Changes to How Rin Credits Are Used May Effect up to Two Billion Gallons of Biofuels

Clip Season 51 Episode 5105
A back and forth over how many gallons of renewable fuels will get blended into the fuel supply may well be swinging towards refiners leaving row crop producers in the balance.

A back and forth over how many gallons of renewable fuels will get blended into the fuel supply may well be swinging towards refiners leaving row crop producers in the balance.

Transcript

A back and forth over how many gallons of renewable fuels will get blended into the fuel supply may well be swinging towards refiners leaving row crop producers in the balance.

This week, EPA officials released a proposed rule with three options that could directly affect the ethanol and corn markets. The change will allow a certain number of RINs, certificates which track renewable fuels from creation to use, to be used for compliance with federal law in the 2026 and 2027 production years. 

Of the available RINs, the EPA is proposing a 100% transfer, a 50% transfer or a 0% transfer to those years.
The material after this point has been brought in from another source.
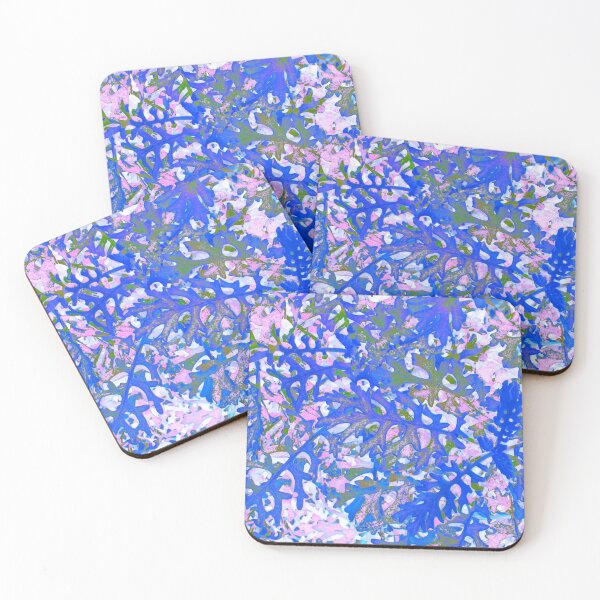 Item preview, The blue,green  and pink floral abstract motives with decorative leaves  designed and sold by IraNiva.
The change could affect up to two billion gallons of renewable fuels like cellulosic biofuel and biodiesel.

The Iowa Renewable Fuels Association believes those RINS should be allocated now and applied to production that took place between 2023 and 2025. 

The EPA has more RINs to give due to small refinery exemptions, or SREs, granted last month to various companies experiencing economic hardships for production that took place between 2016 and 2024. The EPA’s decision granted full or partial SRE’s to 140 companies that had been either held up or denied under the Trump and Biden Administrations.

For Market to Market, I’m David Miller.